Ella me lanzó una expresión estupefacta que
me tachaba, cuando menos, de enajenada.
—Mi hijo es negro —proseguí—. No quiero que
crezca rodeado de gente prejuiciosa como tú.
—A ver, Violeta, yo ni me acuerdo ya de eso;
pero ¿qué me estás contando? —preguntó
temerosa de haber dormido junto a una perturbada.
—Lo que quiero decirte, Isabel, es que lo
mejor será que te marches, ¿no decíamos que éramos casi hermanas?
No concedió siquiera un minuto para arreglarse
el pelo, le dio otro beso a mi hijo que devoraba ahora una magdalena. Agarró su
abrigo y se despidió de nuestras vidas dando un portazo.

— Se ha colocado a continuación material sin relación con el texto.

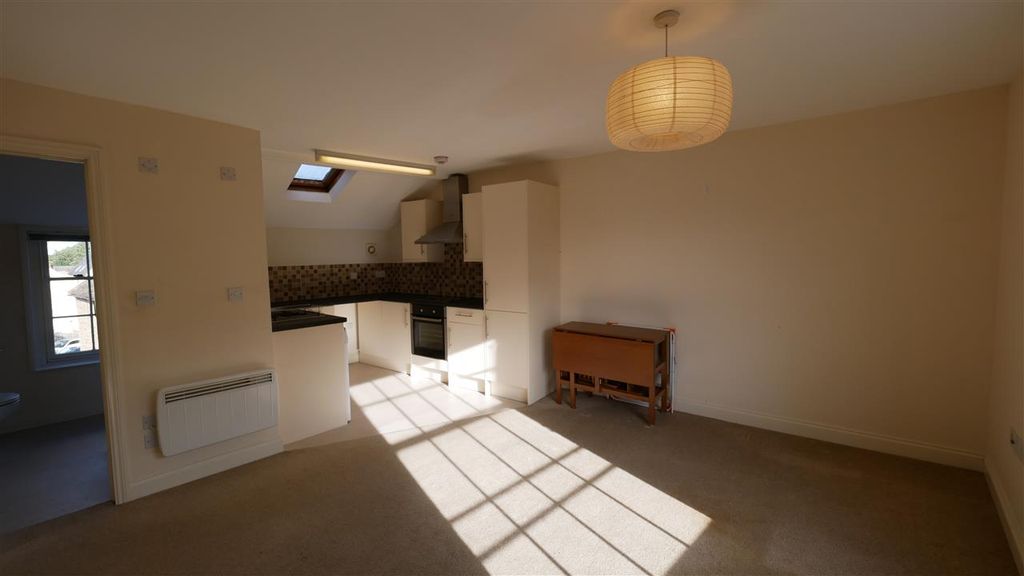 Property photo 3 of 9 Open Plan Lounge/Kitchen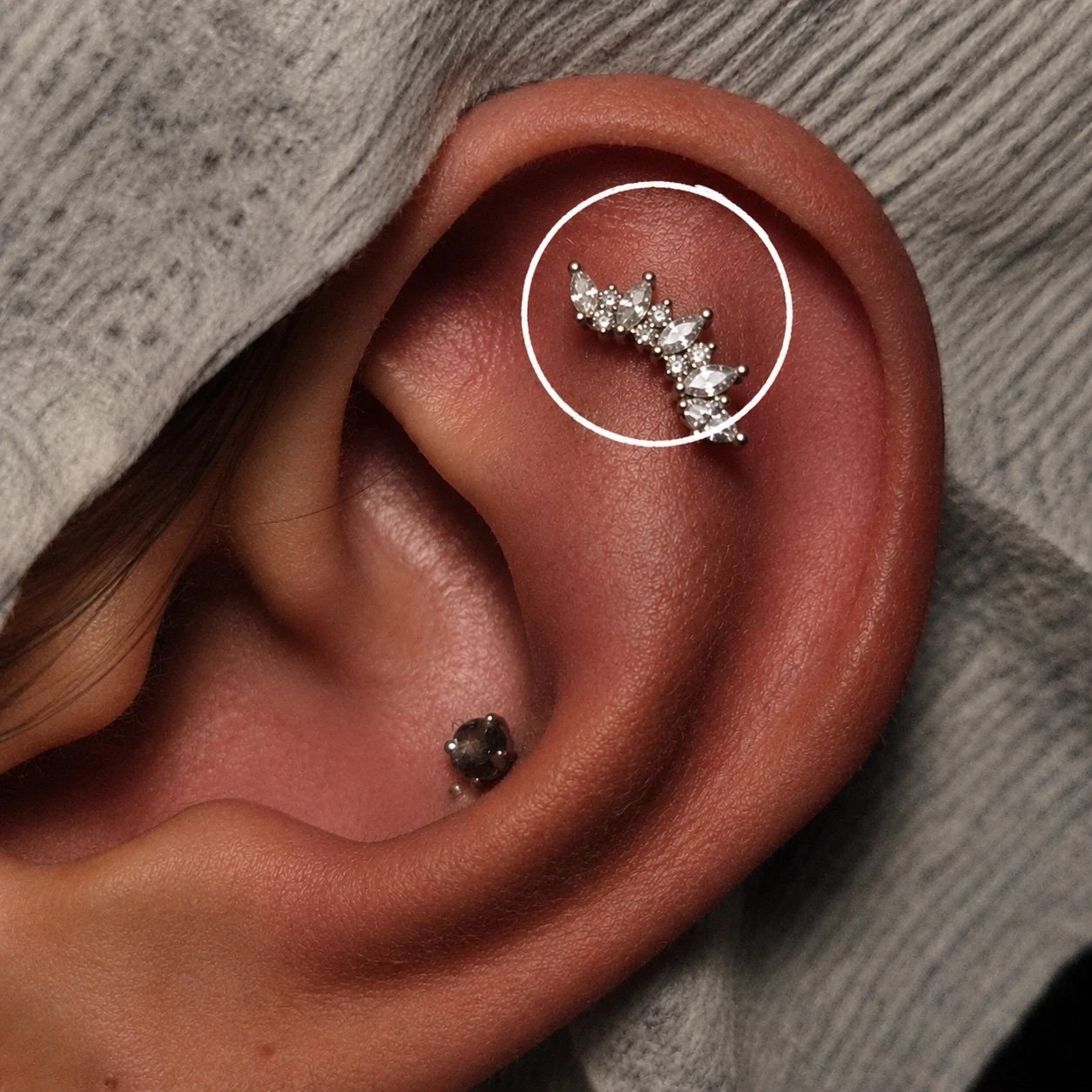 Flat piercing with marquise crystal stud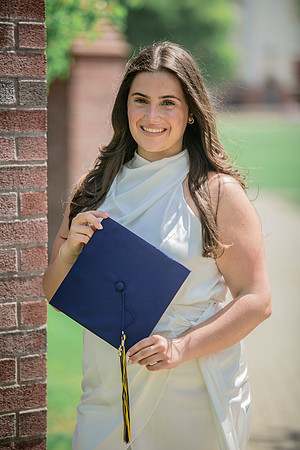 2025quinnipiacgrads-527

Por suerte sé que aquel brote, mezcolanza de
rencor e insensatez, no volverá a repetirse, ¿cómo?, aumentando el tiempo
diario de meditación y dejando de consumir cualquier bebida que contenga
alcohol.
Días después rescaté su número de móvil y la
telefoneé hasta que conseguí mitigar su enfado, nos llamamos a partir de
entonces todas las semanas y puede decirse en la actualidad que somos algo más
que amigas.
Sin embargo, ninguno de los sucesos contados
hasta ahora, de los transcurridos en estos últimos años, ha sido el verdadero causante
de que haya reanudado la historia de mi vida. De hecho, el relato cobra sentido
por un acontecimiento ocurrido hace escasamente unos días. Pero será mejor que
comience por el principio:
Podía haber sido una jornada cualquiera de
nuestra vida solitaria, mi hijo ondeaba una cometa cerca de casa, correteaba
por nuestra diminuta playa sosteniendo los mandos con bastante pericia para un
niño que todavía no ha cumplido los cinco. Era nuestra actividad preferida de
los sábados, yo le contemplaba sosteniendo unas sandalias en la mano y
caminando descalza de un lado al otro de la orilla emulando a mi madre cuando
la avisté en el sueño que tuve cuando mi padre murió. Al llegar a casa me
encontré con el preludio de lo que iba a ser el día más impensado de toda mi
existencia.
La luz roja de mi BlackBerry parpadeaba incesante
sobre la mesa de la cocina, me avisaba de que tenía varias llamadas perdidas,
concretamente siete, y todas del mismo contacto: Paco Martínez Nova. Alarmada
por la insistencia marqué de inmediato su número y conversé con él.
—Padrino, ¿ocurre algo?
—¡Por fin hablo contigo, Violeta!, comenzaba
a preocuparme —saludó con voz agitada.
—¿Qué sucede, le ha pasado algo a Consuelo?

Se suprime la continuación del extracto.